Dynamic, wide-angle photography of a triggerfish in action

Anemonefish (Nemo’s Cousins)

Anemonefish, like Nemo, are excellent examples of fish intelligence. They aggressively defend their host anemones, even against much larger divers. It shows they’re not just passive beings; they’re active participants in their ecosystem.

Dynamic, macro photography of a clownfish hiding in an anemone

Sand Goby Strategy

Sand gobies are small, but fierce. There’s footage of a confrontation between sand gobies and an intruding goby. They coordinate defensive strategies, showcasing their intelligence and complex social behavior.
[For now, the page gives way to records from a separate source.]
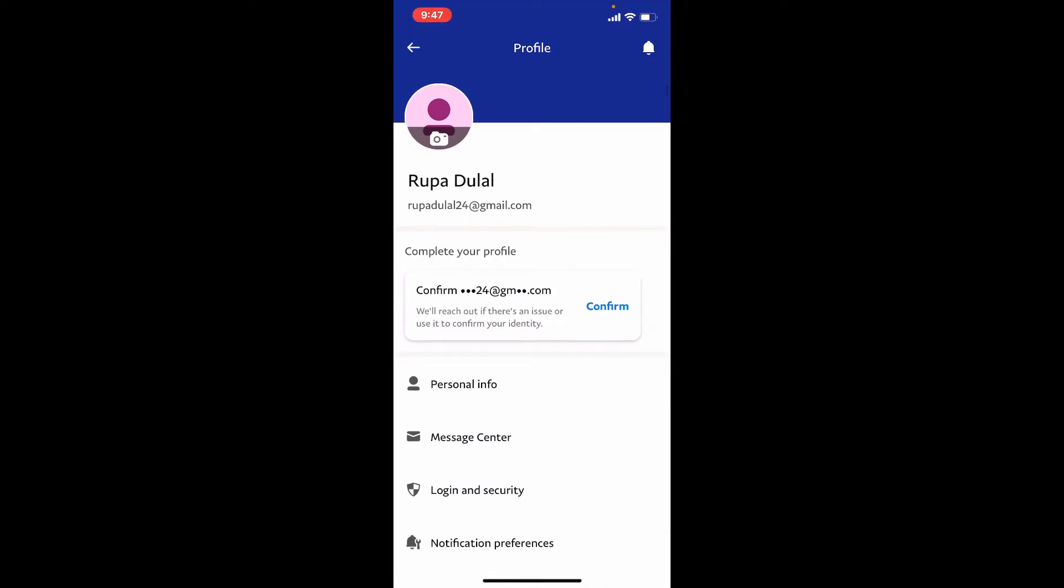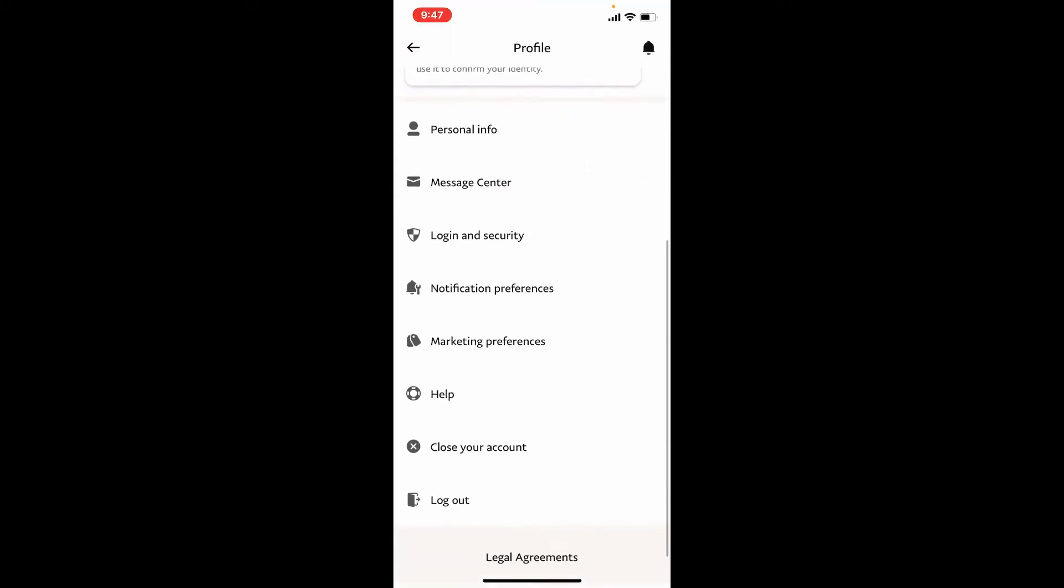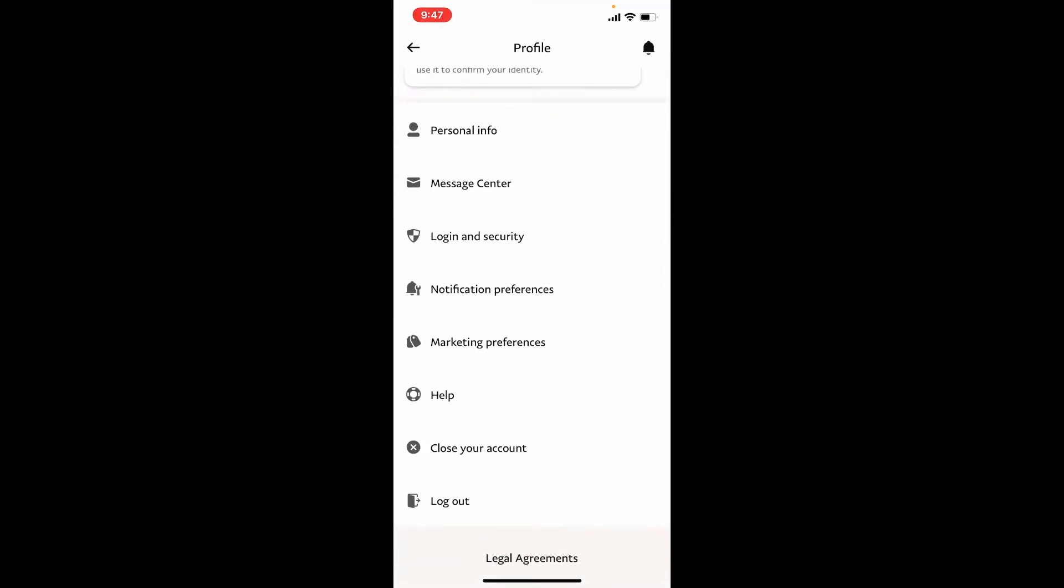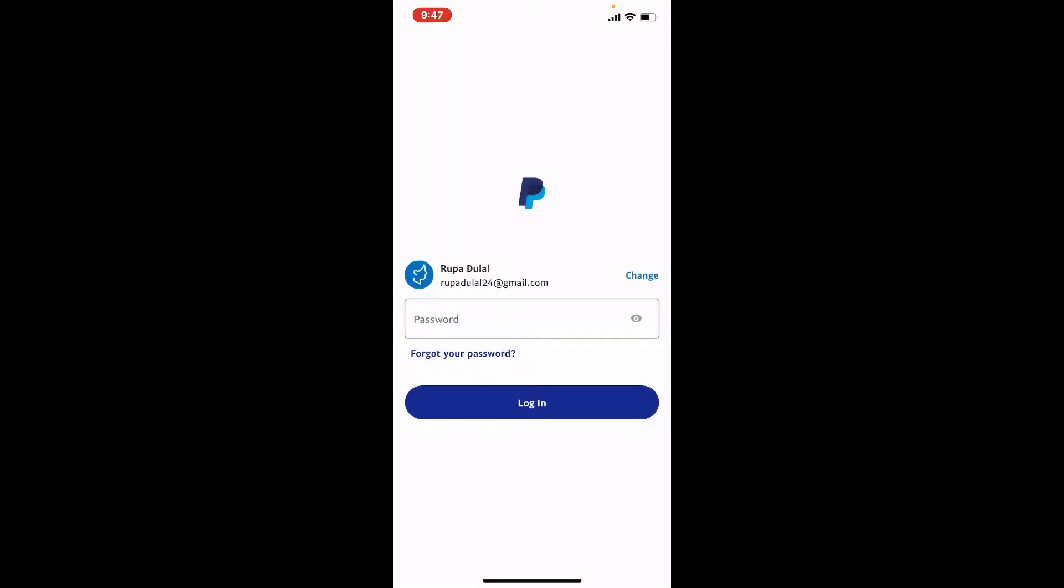Until you find the log out button, give it a tap once you spot it, and there you have been logged out of your PayPal account. Quite simple, isn't it?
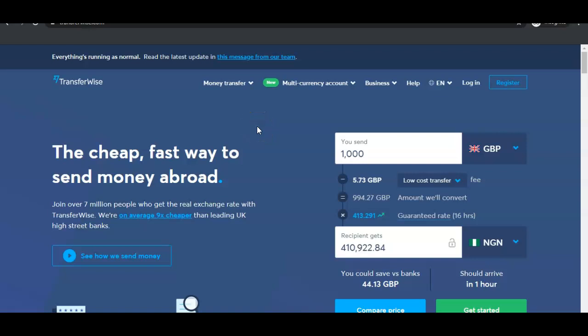Hey, what's up guys, it's your boy Olushila David and welcome to my YouTube channel. In today's video I'm going to be walking you through a step-by-step guide on how you can create your own personal TransferWise account.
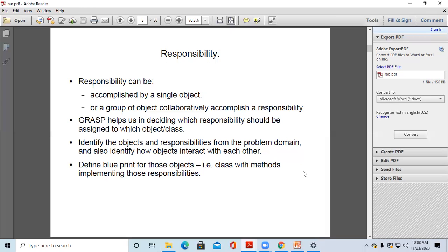GRASP helps us decide which responsibility should be assigned to which object or which class. We can identify the objects and responsibilities from the problem domain. Based on that problem domain we identify the objects, their responsibilities, and how those objects interact with each other. We then define a blueprint for those objects — that is, classes with methods that implement the responsibilities.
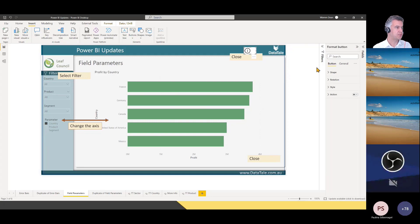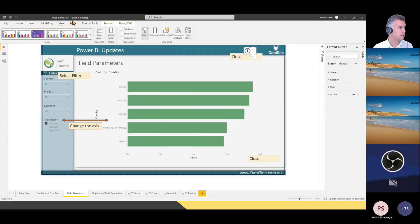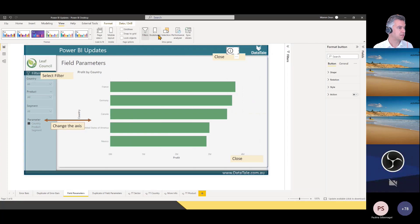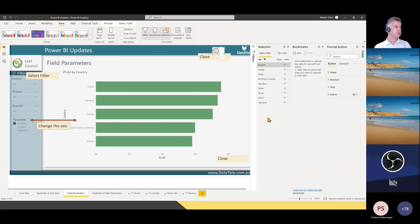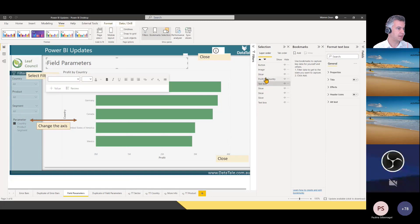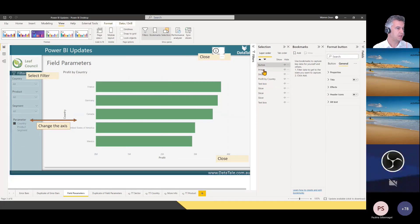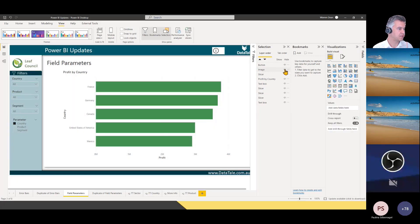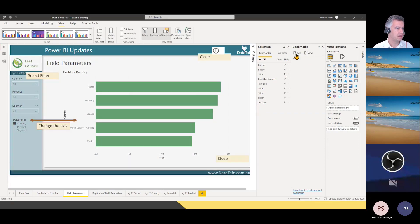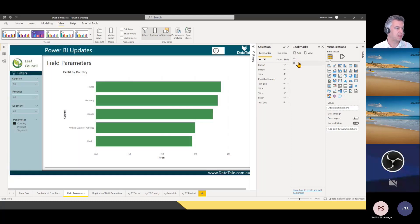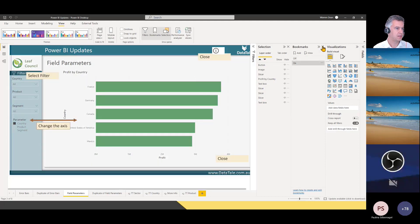To get the button to do something, we need to create a bookmark. Go to the View ribbon and enable Bookmarks. I also need the Selection Pane. If you haven't used a Selection Pane before, every item in your Power BI report is listed there and you can turn it on and off. What I want to do is turn the image on and off. When I click the little eye icon, it's on and it's off. So when I click it off, I want to add this as a bookmark — I'll call this 'bookmark off'. Then I turn it on and call this one 'on'. Now I have my bookmarks, which is just turning an image on and off.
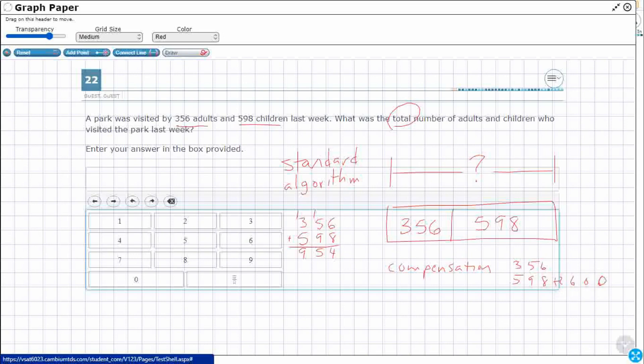And I can do that in my head. 600 and 356 is 956. But since I added this 2 to get to a friendlier number, I need to go ahead and take 2 back. So you add 2 and then you take 2 away. That's 954. That's another way you could have done it. Either way, the answer is 954.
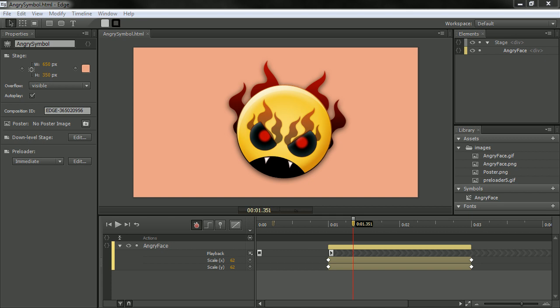Hi, this is Joseph Labreck, and I'm going to be demonstrating some of the new features in Adobe Edge Preview 6.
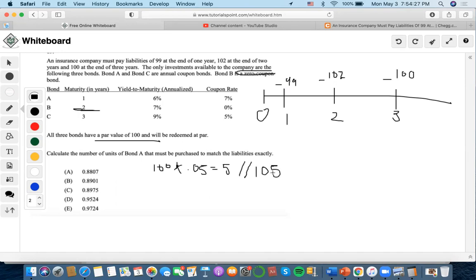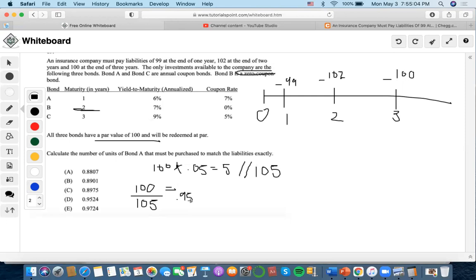Since the redemption of 105 occurs at time three, where the liability of $100 is occurring, we want to figure out how much of bond C we need to finance that $100 liability. We do that by calculating 100 divided by 105, which gives us 0.95238. That means the $100 liability at year three only requires 0.95238 units of bond C.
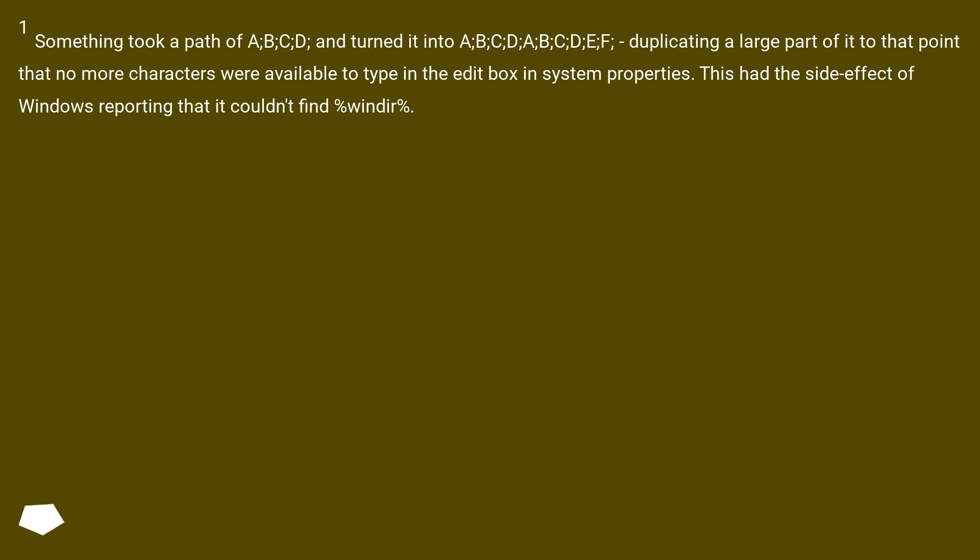The PATH variable was duplicated to the point that no more characters were available to type in the edit box in System Properties. This had the side-effect of Windows reporting that it couldn't find certain directories.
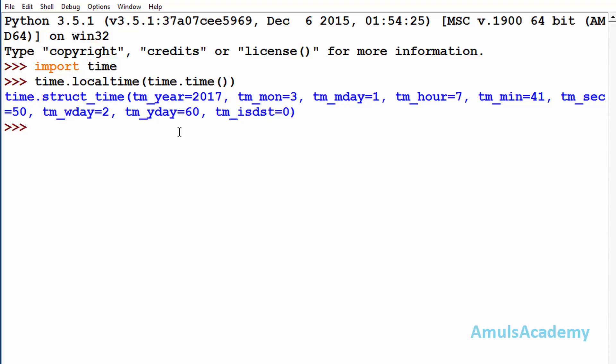Hello guys and welcome to Python programming tutorials by Amuls Academy. Today we are continuing our discussion on the time module. In the previous tutorial we discussed some methods to get the current time like local time, time function, and asc time.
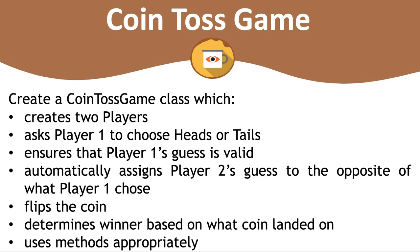And then finally the third class will be one called coin toss game which creates two players, asks player one to choose heads or tails, ensures that player one's guess is valid, doesn't move on until player one actually has a valid guess, and then automatically assigns player two's guess to the opposite of what player one chose. You're going to flip the coin in this class to determine which side it landed on. And then you're going to determine a winner based on what the coin landed on. Also be sure to use methods appropriately in this class.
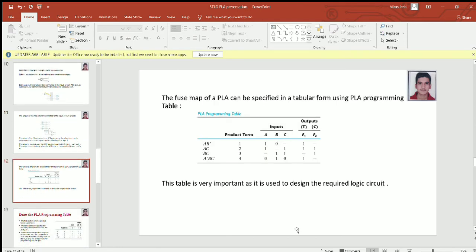The fuse map of a PLA can be specified in a tabular form using a PLA programming table. This table is very important as it is used to design the required logic circuit.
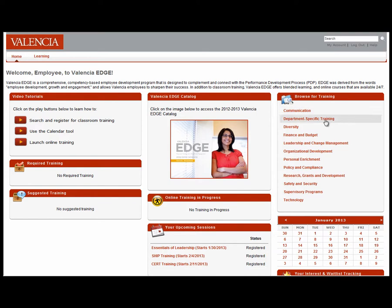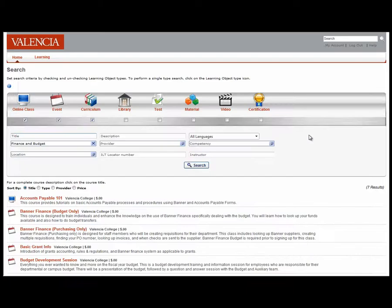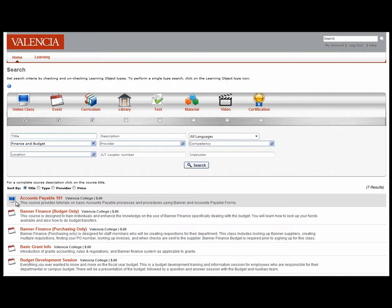Let's take a look at Finance and Budget. Once you click on the category, both classroom training and online courses will be displayed. The online courses are identified with the computer screen icon.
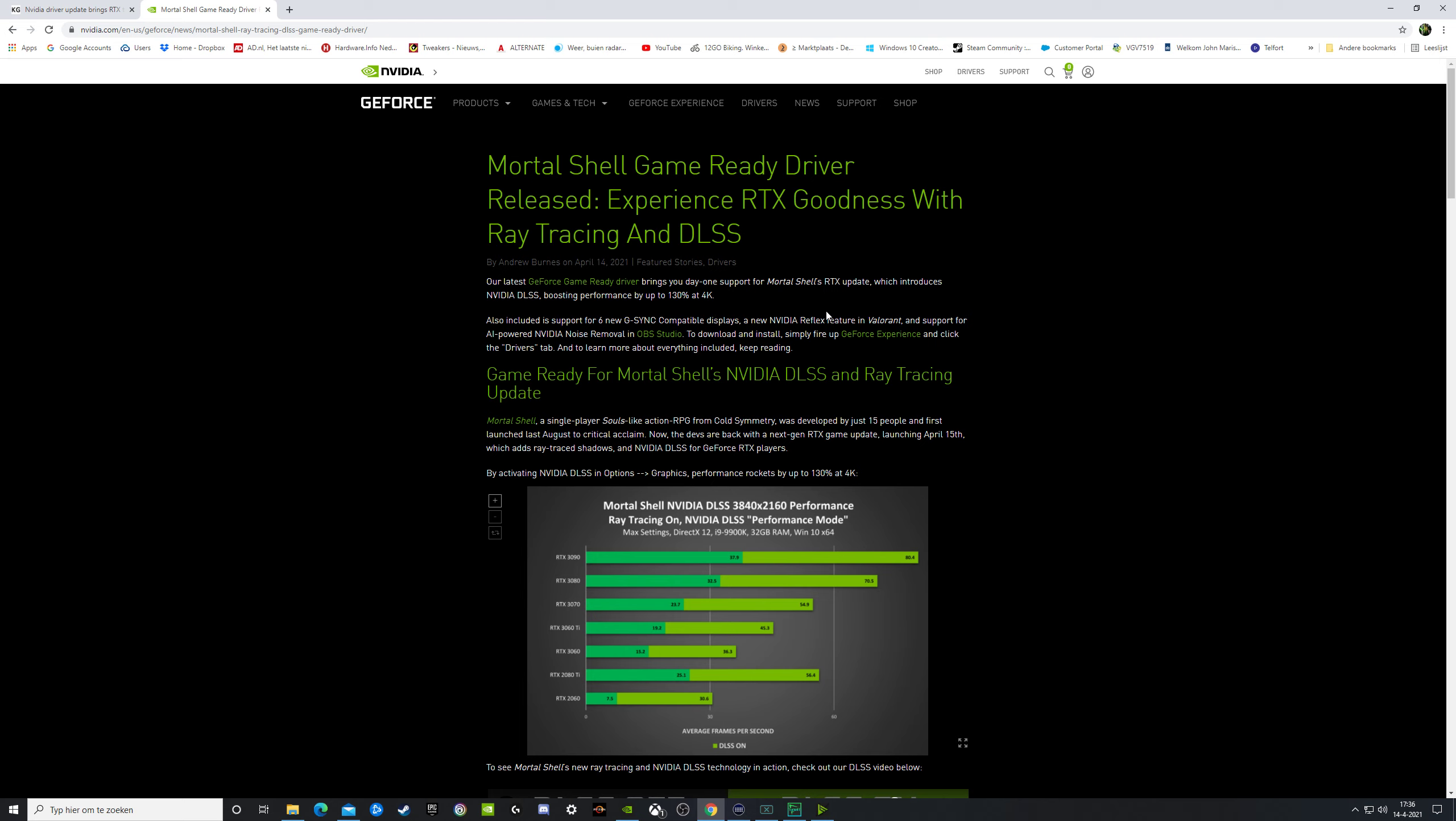DLSS is Deep Learning Super Sampling. And they added 6 new G-Sync compatible displays. So new monitors are coming on the list, and then you can use G-Sync.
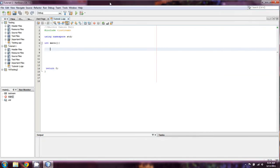Welcome back everyone to the continuing C++ for Beginners tutorial set. This is going to be lesson 26A and it's going to be an introduction to arrays.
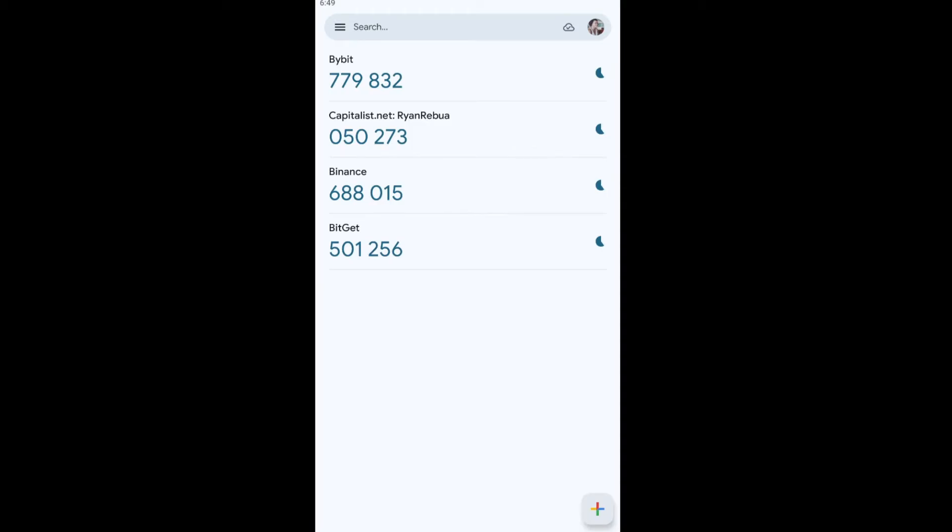Okay. And once you're in here, you're going to want to tap on your profile right here at the top. Just tap on it.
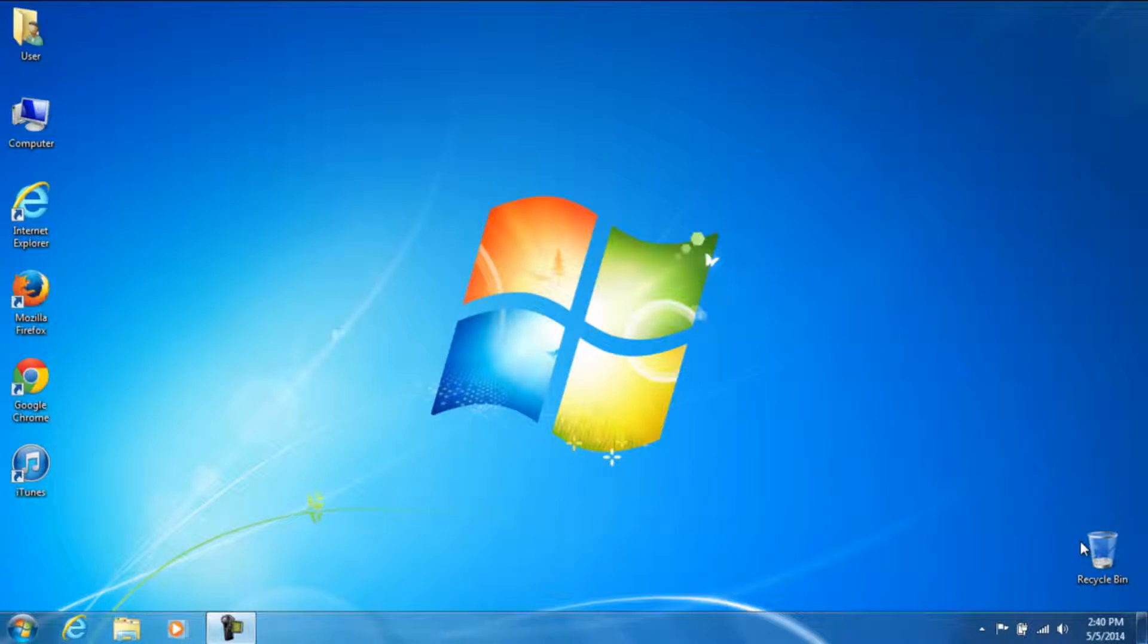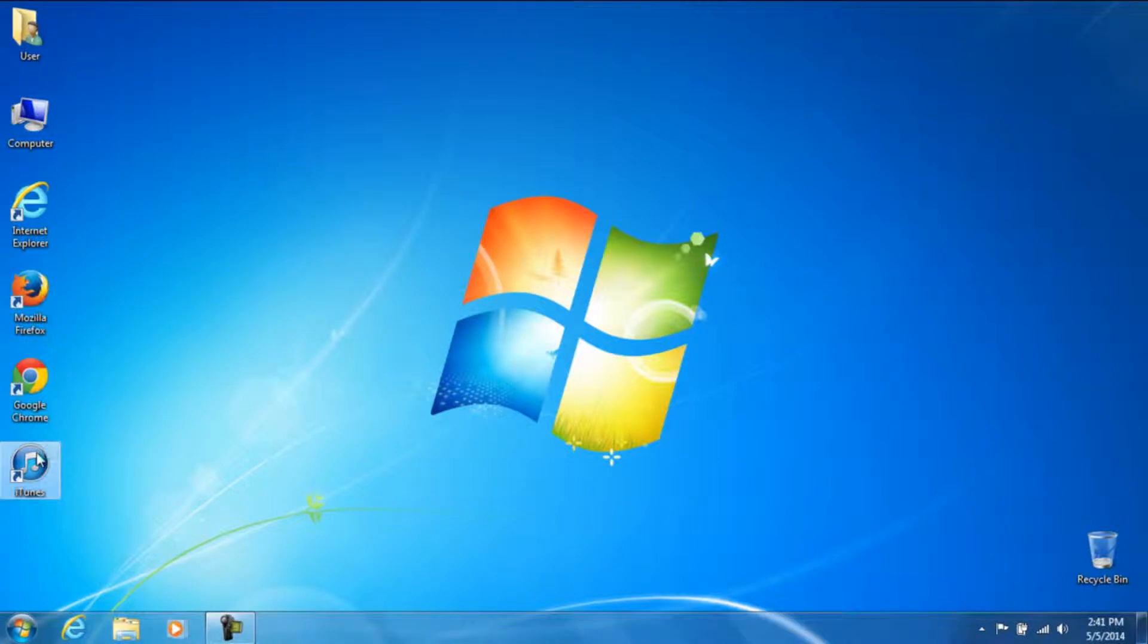But one thing that I forgot to touch up on is actually how to get the album artwork and it's an even simpler process than the other ones. So let's just go ahead and log into iTunes again.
Dynamic, underwater photography of a sand goby

Reflecting on the Broader Conservation Message

The Ecology of Marine Life

Understanding the behaviors of different fish species helps us appreciate their ecological roles. Each fish has a part to play in maintaining the health of marine ecosystems.

Sustainable Practices

Becoming aware of the impacts of overfishing and fish farming can inspire us to adopt more sustainable practices. Choose sustainably sourced seafood and reduce fish consumption overall.


Celebrating Fish Are Friends, Not Food Week is more than just a dietary choice—it's a movement towards a more respectful and mindful interaction with our marine friends. By making small changes, we support the well-being of marine ecosystems, contribute to ethical treatment of animals, and often discover new, healthier food options along the way.

Call to Action

Ready to make a difference? Take the pledge to join Fish Are Friends, Not Food Week! Educate others, experiment with new recipes, and share your journey on social media. Together, we can create a ripple effect of positive change for our oceans and all its inhabitants. Dive in and be part of the movement—because every fish deserves a friend, not a fork.


1. "Overfishing." WWF. 


2. "Fish Welfare." Compassion in World Farming.


3. "Environmental Impact of Fish Farming." Science Direct. 


4. "Are Fish Sentient? Evidence on Impressive Intelligence." PETA.